Woodstock: 3 Days of Peace & Music 40th Anniversary Director's Cut
Warner Home Entertainment
1970 - 1994 / Color / 2:20 anamorphic widescreen / 224 min. / Street Date June 9, 2009 / 24.98 (DVD)
Starring: Joan Baez, Canned Heat, Joe Cocker, Country Joe and the Fish, Crosby Stills & Nash, Arlo Guthrie, Richie Havens, Jefferson Airplane, Janis Joplin, Jimi Hendrix, Santana, Sha Na Na, John Sebastian, Sly and the Family Stone, Ten Years After, The Who.
Cinematography
Malcolm Hart, Don Lenzer, Michael Margetts, David Myers, Richard Pearce, Michael Wadleigh, Al Wertheimer
Film Editors Jere Huggins, T. Schoonmaker, Martin Scorsese, Michael Wadleigh, Stan Warnow, Yeu-Bun Yee
Produced by Bob Maurice
Directed by Michael Wadleigh

Reviewed by Glenn Erickson

Cultural pundits since Spiro Agnew has been citing The Woodstock Festival as some kind of test for flower-power phonies, with the ultimate anti-hippie slur being that anybody one meets who claims to have been there is a liar. Our parents regarded Woodstock The Phenomenon with fearful eyes, seeing only mud, chaos, drugs and public lewdness. We kids around the country knew better, having been mesmerized by Michael Wadleigh's 70mm split-screen multi-channel super-documentary. After years of Vietnam and negative media coverage of anything to do with rock music or youth culture, Woodstock was a blast of nonviolent nirvana.

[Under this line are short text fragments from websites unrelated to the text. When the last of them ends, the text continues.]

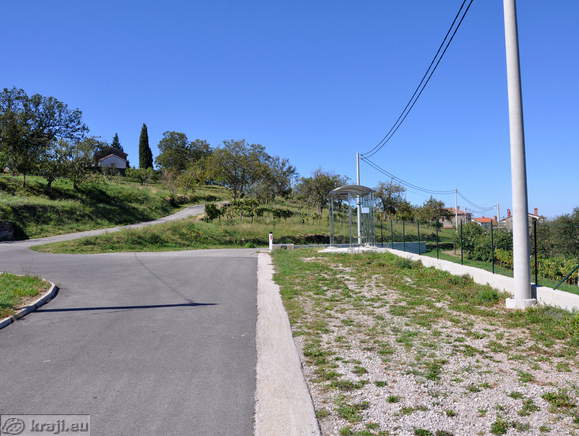 Parking area in front of Trebese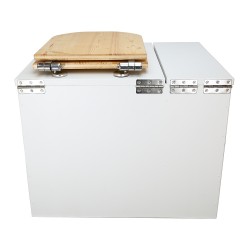 Toilette sèche rehaussée en bois blanc avec bac intégré. Livré avec bavette inox et seau 22L. abattant huilé déclipsable.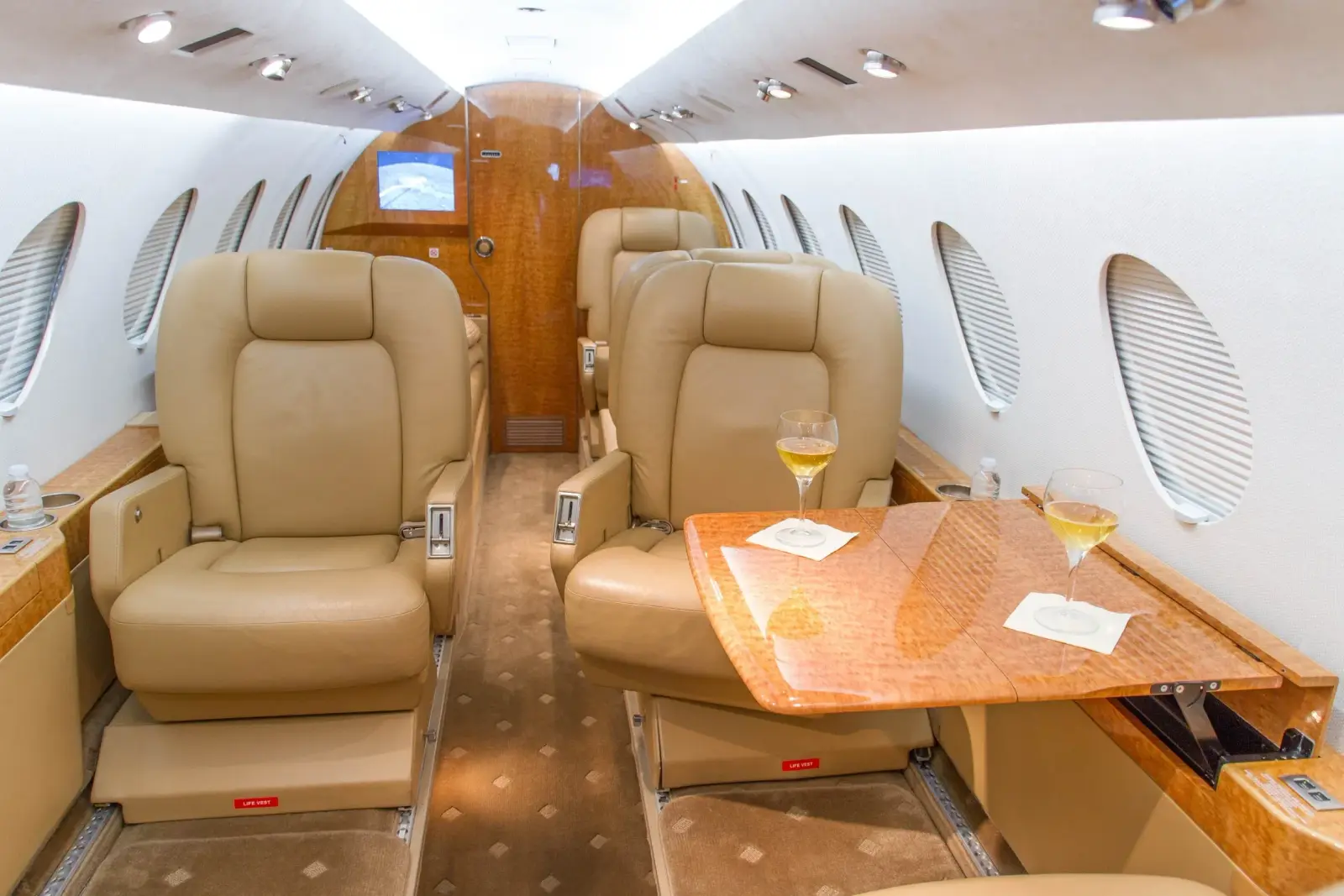 Dassault Falcon 50 N921ED operated by Century Aviation, Inc. photo 2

In the late 1960s we kids clung to our FM radios to hear music. The only glimpse of rock celebs on TV were brief appearances on shows like Shindig, where embarrassed-looking groups would lip-synch to the sanitized top-40 versions of their songs. Those lucky enough to find Monterey Pop at least saw what a concert appearance by Janis Joplin or Joan Baez looked like. The makers of Woodstock clearly saw the technical weaknesses of the earlier docu and mounted a production equal to the task -- a full multi-track recording system and a battery of synchronized cameras.

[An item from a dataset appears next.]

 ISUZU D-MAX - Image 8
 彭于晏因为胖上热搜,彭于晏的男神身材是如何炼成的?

Michael Wadleigh is correct in stating that his show is much more than a recorded concert. The music in Woodstock is fantastic in itself, but the docu cameramen capture the totality of the event, from the traffic jams coming into Bethel, New York to the monumental task of caring for the needs of hundreds of thousands of concert-goers. Performers are filmed point blank with wide-angle lenses, putting the audience right on stage with the performers and up close with the name bands. Sly Stone's stomping music machine envelops the audience and carries it away in a blast of trumpets and dancing: "Higher!" Spreading the multiple 16mm images across a 70mm screen enables a performance to be seen from more than one angle simultaneously, without cuts. Audience reactions can be interwoven into the rhythm without interrupting the action on stage.

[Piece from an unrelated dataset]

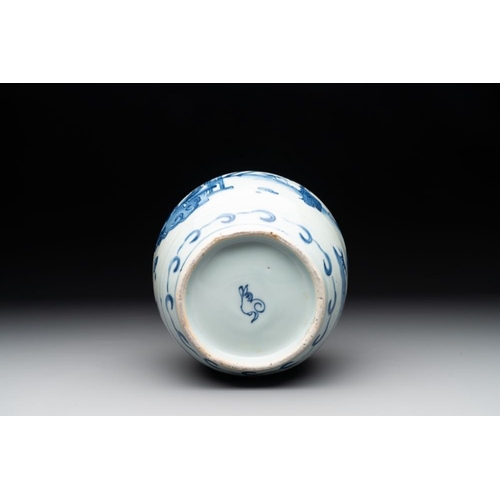 64 - A Chinese blue and white globular vase with figures in a landscape, hare mark, WanliH.: 19,5 cm... 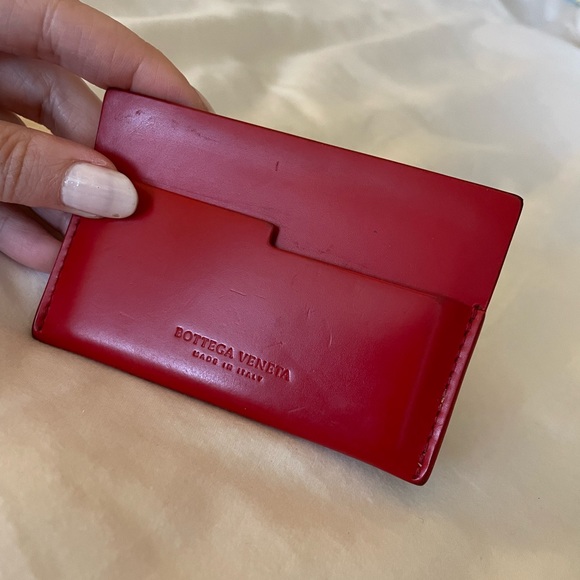 Bottega Veneta Red Leather Card Holder - Picture 10 of 14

Woodstock the music festival outpaced its initial plan almost immediately, when six times the promised 50,000 attendees poured into Bethel, New York. The main conflict in Woodstock the movie is between the disaster that should have occurred, and the almost completely peaceful result. Food, film stock and last-minute talent must be airlifted in. Local law enforcement and residents do a marvelous job of coping with what to them must have looked like a refugee crisis -- you can bet the festival gave birth to a thousand new restrictive local ordinances. The documentary miracle is that Woodstock captures the entire 'scope of the event -- including its rough edges.

Woodstock ended up being a Perfect Storm for the filmmakers, who on the first day saw the enormity of what was happening and put out a call for more cameramen, more film, more everything. While the mixing recordists worked feverishly to get all the music on tape, the camera corps had a constant supply of subject matter to film: stars, the crowd, the backstage chaos and a torrential rainstorm.

Director Wadleigh asserts that musical acts and individual songs were included in the final cut based not on their pop status but on their lyrical contribution to the whole -- even at three-plus hours, Woodstock has a strong through-line instead of lurching from performer to performer. The variety of the performers stretches from Richie Havens' rhythms to Joan Baez' high notes, to Joe Cocker's spasms and Country Joe's insolence. The intimate coverage puts one-guitar, one-voice Arlo Guthrie on an equal basis with The Who. Sha Na Na is something of a sideshow joke, but the debut of Crosby Stills & Nash marks a changeover to mellow, acoustic 70s rock.

For us kids that were seeing their radio favorites for the first time, the live-performance personalities in Woodstock were a revelation. Joe Cocker's air guitar gyrations were simply fantastic. Joan Baez's call to her imprisoned husband and Country Joe's four-letter opinion of the Vietnam War brought politics to the forefront. Watching John Sebastian grin and jive through his appearance, obviously stoned on something, stood in contrast to the trance-like concentration of Ten Years After's Alvin Lee. Jimi Hendrix brings things to an end with a guitar that blasts out music like an Angel's fiery sword ... with perhaps the best rendition ever of The Star Spangled Banner. Woodstock enveloped its audience in a concert experience that hasn't been replicated since.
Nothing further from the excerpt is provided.